Patient: [Patient Name]
MRN: [Medical Record Number]
Date: [Date of Encounter]
Chief Complaint:
New onset of rapidly progressing skin pain, swelling, and erythema (redness)
(Specify) Necrotizing fasciitis is a rapidly progressive and life-threatening infection. Early recognition and prompt treatment are crucial.
History of Present Illness:
Onset, location, and character of skin pain (sudden, severe, burning, out of proportion to findings).
Progression of swelling and erythema (hours to days).
Recent history of surgery, trauma (including minor breaks in the skin), insect bites, or skin infections.
Fever, chills, or other systemic symptoms.
Past Medical History:
Underlying medical conditions that may increase susceptibility to infection (e.g., diabetes, immunodeficiency, peripheral vascular disease).
Prior history of skin infections or surgeries.
Social History:
Intravenous drug use (increases risk of infection).

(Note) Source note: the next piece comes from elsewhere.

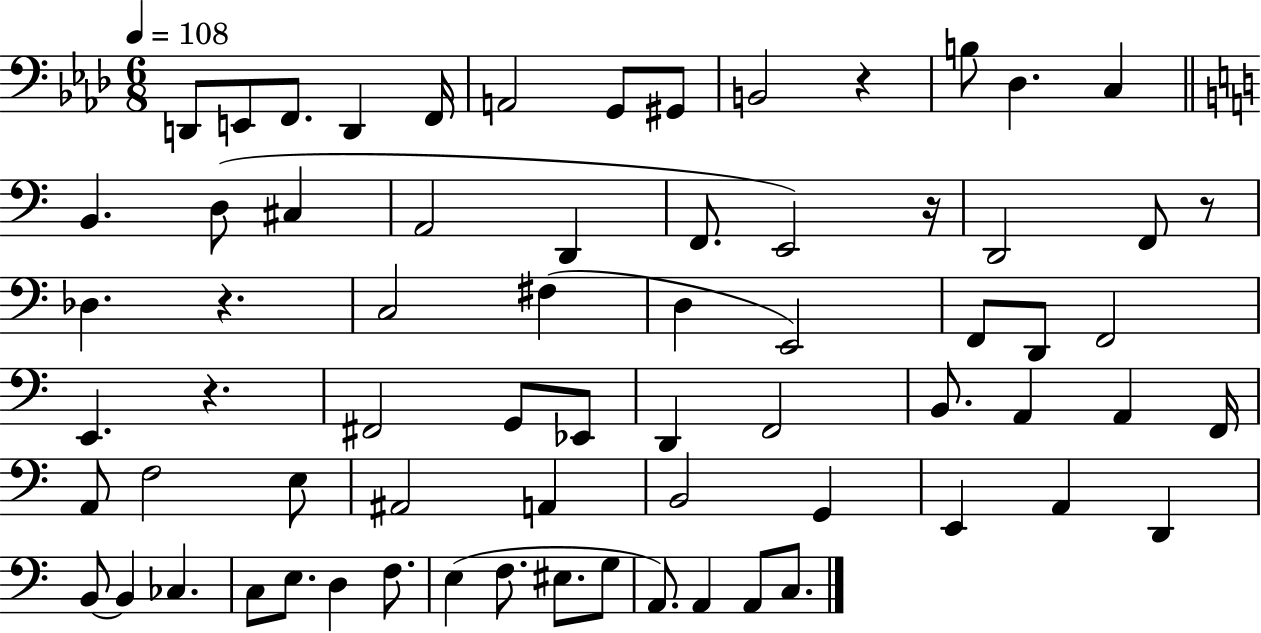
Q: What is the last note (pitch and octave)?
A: C3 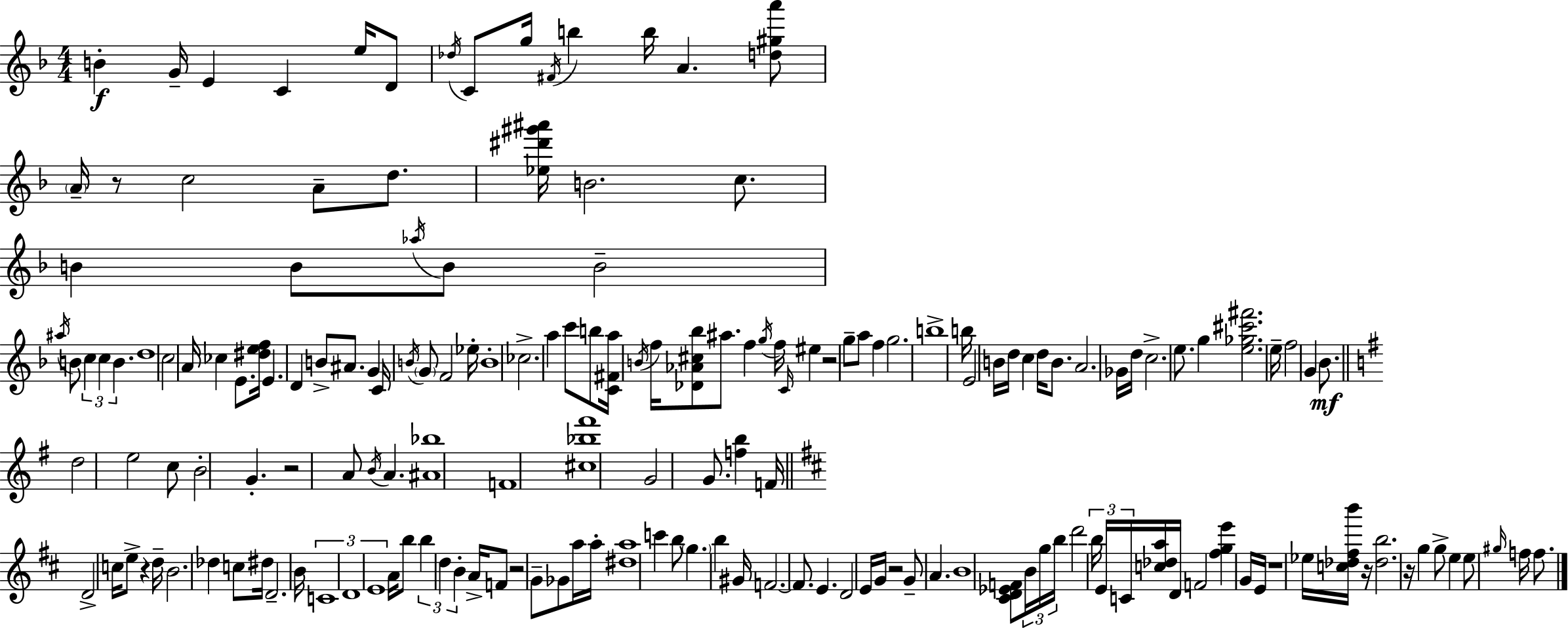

Recent travel (potential exposure to specific bacteria).
Physical Exam:
Vital signs: Assess for fever, tachycardia (rapid heart rate), hypotension (low blood pressure) – suggestive of sepsis.
Skin examination:
Localized area of skin pain, erythema, swelling, and induration (firmness) that is tender to palpation and may be warm.
Blisters or skin necrosis (tissue death) may be present in later stages.
Crepitus (gaseous crackling sound) under the skin may be a sign of gas production by bacteria.
Other examinations: Assess for signs of systemic infection (e.g., abdominal exam for possible source of infection).
Laboratory Tests:
Complete blood count (CBC): May show elevated white blood cells (leukocytosis)
indicative of infection.
Blood cultures: To identify the specific bacteria causing the infection.
Electrolytes: May be deranged due to dehydration or sepsis.
Serum lactate level: Elevated lactate levels can be a marker of tissue hypoxia (lack of oxygen) and severity of infection.
Imaging Studies:
Soft tissue ultrasound: May be used initially to assess for fluid collections and identify the depth of tissue involvement.
MRI scan: May provide more detailed information about the extent of fascial involvement and guide surgical debridement.
CT scan (less preferred due to radiation exposure): May be used if MRI is contraindicated.
Assessment:
Necrotizing fasciitis (suspected or confirmed): Based on clinical presentation (rapid progression of pain, swelling, erythema) and supportive findings on physical exam and imaging studies.
Severity of infection: Classified based on clinical features and laboratory findings (e.g., presence of systemic inflammatory response syndrome – SIRS, sepsis).
Possible source of infection (if identified).
Differential Diagnoses:
Consider other conditions that can cause skin pain and swelling, especially early in the disease course:
Cellulitis (bacterial skin infection)
Erysipelas (superficial skin infection)
Abscess (localized collection of pus)
Deep vein thrombosis (DVT) with skin inflammation
Plan:
Prompt surgical debridement: Removal of all necrotic and infected tissue is the cornerstone of treatment. Multiple surgeries may be necessary.
Broad-spectrum intravenous antibiotics: Initiated empirically to cover a wide range of bacteria while awaiting culture results. Antibiotics may need to be tailored based on culture sensitivities.
Supportive care: Aggressive fluid resuscitation, pain management, and monitoring for complications (e.g., sepsis, organ failure).
Hyperbaric oxygen therapy (may be considered in some cases): Increases oxygen delivery to tissues to promote healing and fight infection.
Consultations: Infectious disease specialist, plastic surgeon, and other specialties as needed.
Prognosis:
Necrotizing fasciitis is a life-threatening infection with significant morbidity and mortality. Early diagnosis and prompt treatment are crucial for improving outcomes.
Follow-up:
Close monitoring in the intensive care unit (ICU) is essential.